((
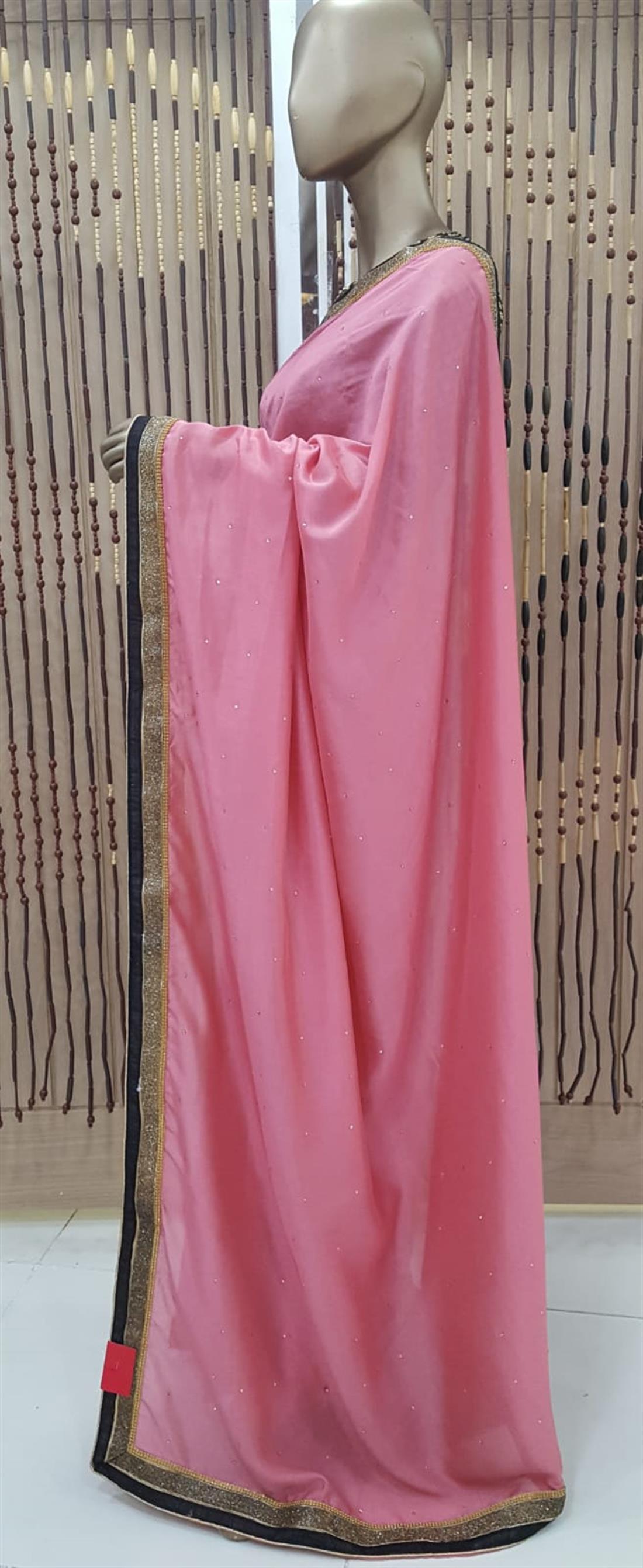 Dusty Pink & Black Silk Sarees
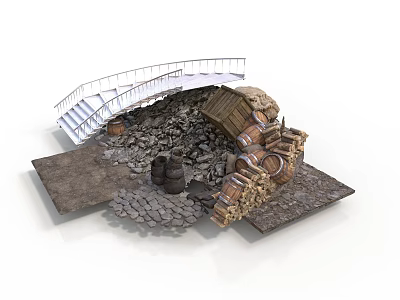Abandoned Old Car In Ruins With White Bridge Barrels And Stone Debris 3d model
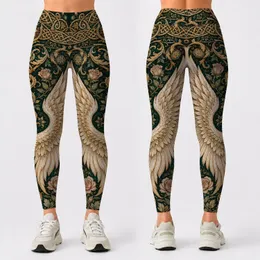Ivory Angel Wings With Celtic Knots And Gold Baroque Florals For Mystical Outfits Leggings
))
((
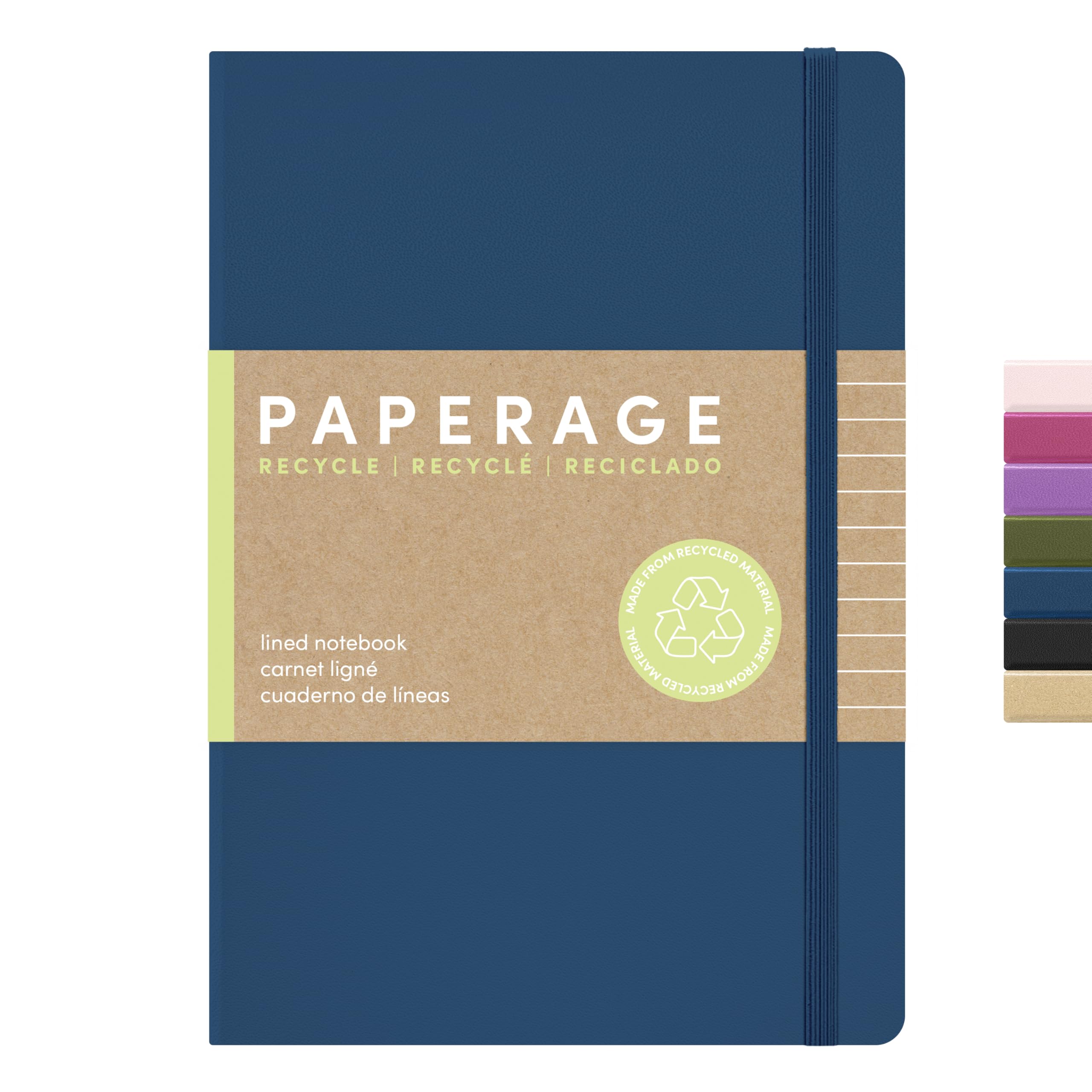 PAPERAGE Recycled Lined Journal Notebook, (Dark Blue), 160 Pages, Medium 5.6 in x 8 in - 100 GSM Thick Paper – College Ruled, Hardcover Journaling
))
((
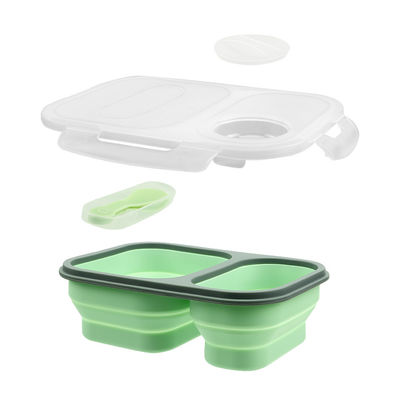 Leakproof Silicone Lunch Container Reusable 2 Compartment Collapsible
))
The task: Transcribe, exactly and without pictures, everything in the data from the line with "Abandoned Old Car" down to the line with "Ivory Angel Wings", both included.

Solution below:
Abandoned Old Car In Ruins With White Bridge Barrels And Stone Debris 3d model
Ivory Angel Wings With Celtic Knots And Gold Baroque Florals For Mystical Outfits Leggings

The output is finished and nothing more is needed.